Porque como expresaba también el filósofo y ensayista Ortega y Gasset: “No somos dispersados a la existencia como una bala de fusil cuya trayectoria está absolutamente determinada. Es falso decir que lo que nos determina son las circunstancias. Al contrario, las circunstancias son el dilema ante el cual tenemos que decidirnos”.

Por todo ello, los intentos y deseos por ayudar y querer cambiar las condiciones de los demás, no deberían de hacernos olvidar nunca que cada cual tiene y vive su propia vida, y que en consecuencia es absurdo intentar modificarla si forma parte del plan de uno. Querer hacerlo es como intentar cambiar el guión de una película a mitad del rodaje o de la proyección. Si obviamos esto, nos podemos convertir en caricaturas del amor, en cireneos inoportunos, o en profesionales de la ayuda que tal vez lo que buscan es ocultar sus propias frustraciones, sentimientos no resueltos de culpa y vacíos personales. Hay muchas “ongs” pululando hoy por el mundo; no estaría de más que cada uno se preguntase desde donde actúa y cuál es el verdadero fin de la ayuda. No es que uno abogue porque esto no se haga cuando de verdad otros nos necesitan, ni mucho menos, aunque, eso sí, habrá que hacerlo desde una óptica más real, más alineada, menos interesada, más integral y, si se me apura, más respetuosa también con la dinámica, la vida y demandas de los demás. Dicho de manera un tanto provocativa, pero no por ello menos asumible: ¡hasta un heroinómano tiene derecho a vivir y morir así, si es eso por lo que él, y  desde su alma, ha decidido pasar y experimentar! Amar esto es muy difícil, pero amar de verdad también significa amar el proceso vital de los otros.

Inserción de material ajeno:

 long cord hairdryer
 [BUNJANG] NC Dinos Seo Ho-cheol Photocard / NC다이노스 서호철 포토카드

Desde una óptica materialista, en la que todo es el resultado de la fatalidad, de la lucha de clases, de la explotación del hombre por el hombre y de cosas por el estilo puede resultar muy difícil comprender que uno haya decidido nacer en los lugares más inhóspitos de la Tierra, en las peores condiciones socioeconómicas o en las familias peor estructuradas, pero ello no anula para nada la verdad de que cada cual ha elegido su propia aventura con fines que no alcanzan a ver los ojos que todo lo evalúan según los intereses del mundo exterior. Pero el Espíritu es real, la evolución del alma a través de experiencias también y lo mismo el sentido y guía que subyace a todas las existencias.

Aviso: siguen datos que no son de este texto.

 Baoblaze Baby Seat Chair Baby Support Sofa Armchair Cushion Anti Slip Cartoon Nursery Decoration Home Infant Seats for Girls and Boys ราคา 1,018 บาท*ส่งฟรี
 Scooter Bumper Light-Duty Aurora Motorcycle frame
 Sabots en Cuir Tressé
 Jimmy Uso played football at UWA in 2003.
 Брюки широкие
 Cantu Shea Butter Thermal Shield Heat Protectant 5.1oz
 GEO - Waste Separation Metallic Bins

Dicho esto, vale recalcar, que las acciones que parten del amor verdadero y desinteresado que contempla al otro como un hermano, un hijo de Dios, o yo mismo en él, nunca pretenden sustituir el camino de los demás, ni frenan la experiencia vital de su crecimiento, sino que, al contrario, los aceleran, porque esa clase de amor no se dirige fundamentalmente a los egos o a los personajes, ni siquiera a las estructuras aunque a veces es lo que haya que hacer, sino que va al corazón mismo del ayudado y de la realidad en que se encuentra y vive. Por eso, y como resultado, quienes participan de acciones hechas así evolucionan más fácilmente y experimentan a la vez que comparten la verdadera felicidad en el encuentro con lo que son.

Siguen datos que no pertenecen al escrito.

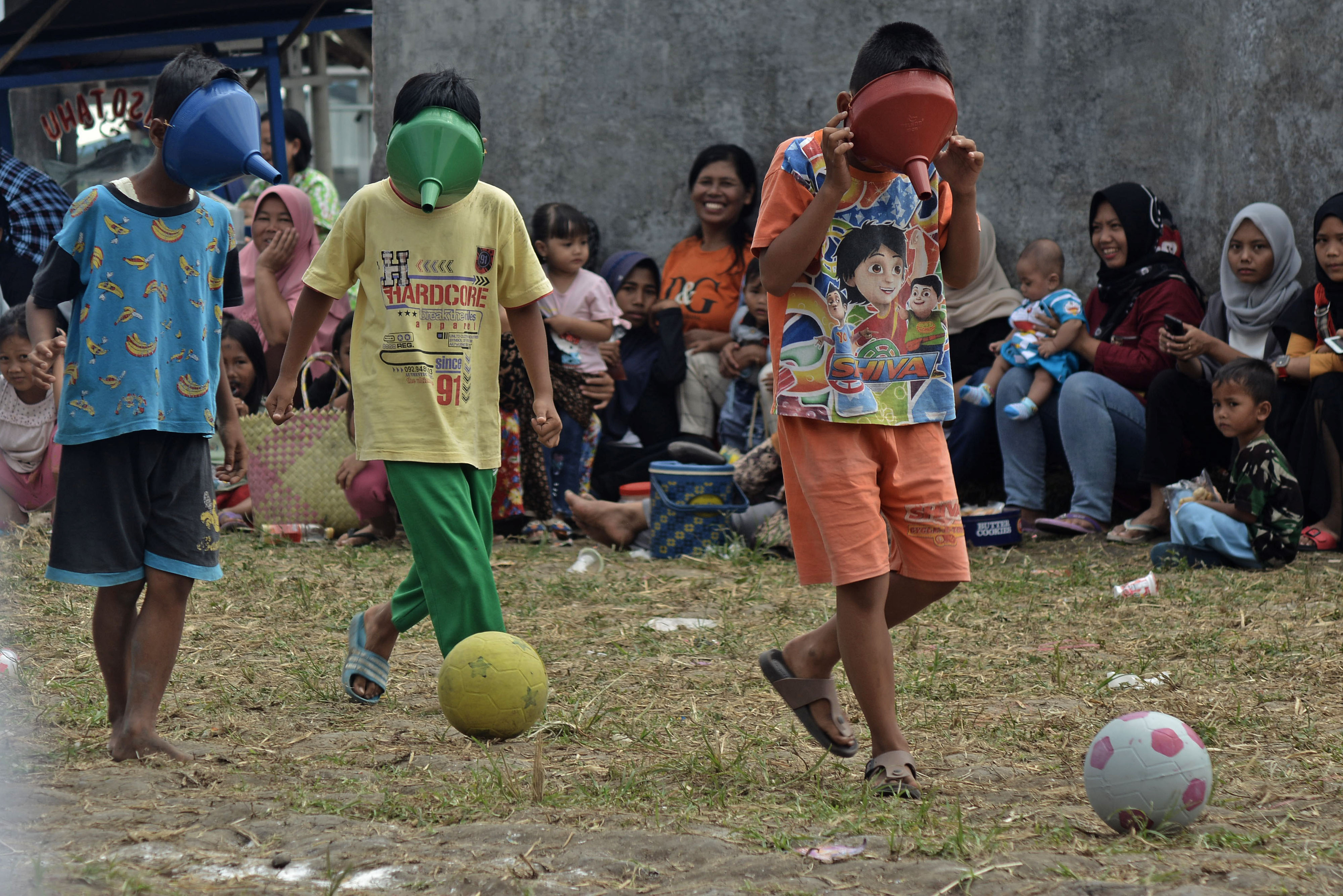 Perlombaan terkait HUT RI ke-75 di garut, Jawa barat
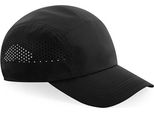 Beechfield B188 | Berretto Tecnico Da Corsa Poliestere - Farbe: Nero - GrößE: Taglia Unica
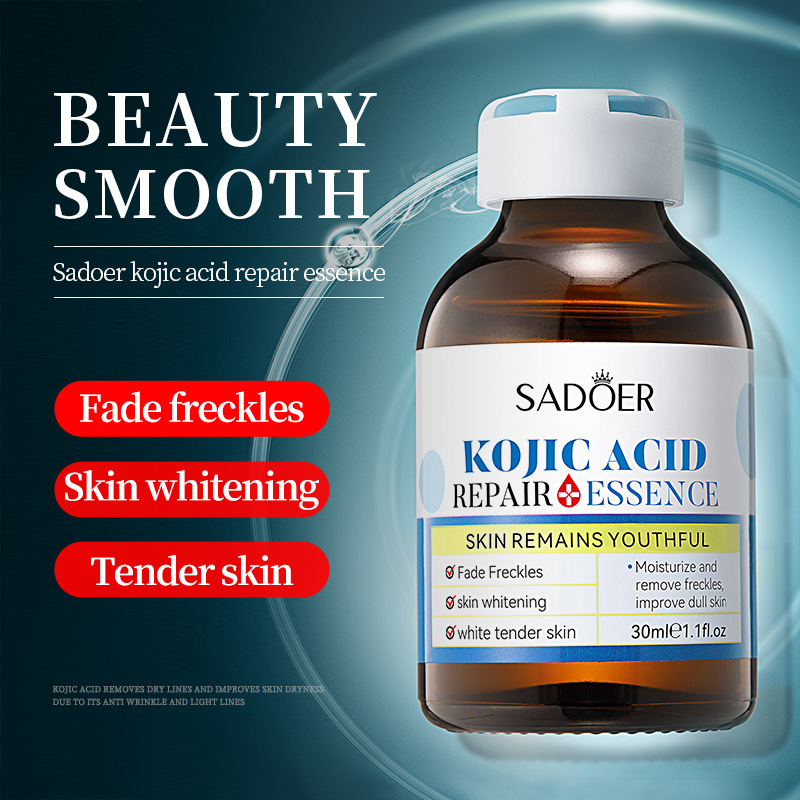 Cross-border export wholesale of SADOER's all-English Repairing Essence and Pore Hydrating essence series Specification drawing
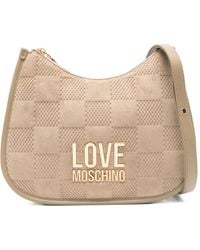 Love Moschino - Borsa A Spalla Trapuntata - Lyst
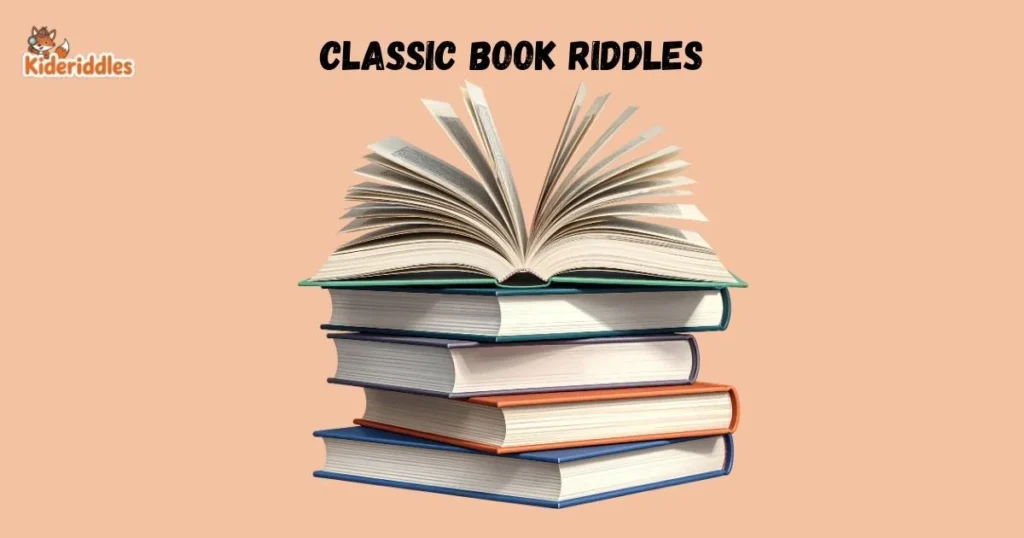 Classic Book Riddles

Recordemos, que algunos criticaban en su tiempo a la Madre Teresa de Calcuta porque, -decían ellos-, no planificaba sus ayudas, es decir, porque no actuaba como los políticos, ni se refería a las estructuras injustas o a lo malos que son o eran los demás que creaban situaciones como las que ellas tenía que atender y resolver. Pero a ella esas críticas no le importaban ni lo más mínimo ya que su motivación interior iba por otros cauces muy diferentes, por eso respondía, si acaso, que se limitaba a seguir lo que su corazón le pedía y que era atender y dar amor a las personas con las que se encontraba y que la necesitaban. No la movía en absoluto la necesidad de cambiar nada. Todo así de simple, todo así de grandioso. Ser puro, Amor puro, Conciencia pura. Y esto es lo que daba a los demás, con independencia de la cama y comida con que los acogía, pues con su actitud y su mirada les recordaba lo que ellos también eran: amor, felicidad y de una belleza que sólo los ojos iluminados como los suyos podían atisbar. Por eso, los desauciados morían gozosos y felices en sus brazos, y no, precisamente, porque les había devuelto la riqueza que no tenían o la salud que les faltaba. Y esto, a la larga también cambia las estructuras y a los corazones que hay que cambiar, pero desde dentro.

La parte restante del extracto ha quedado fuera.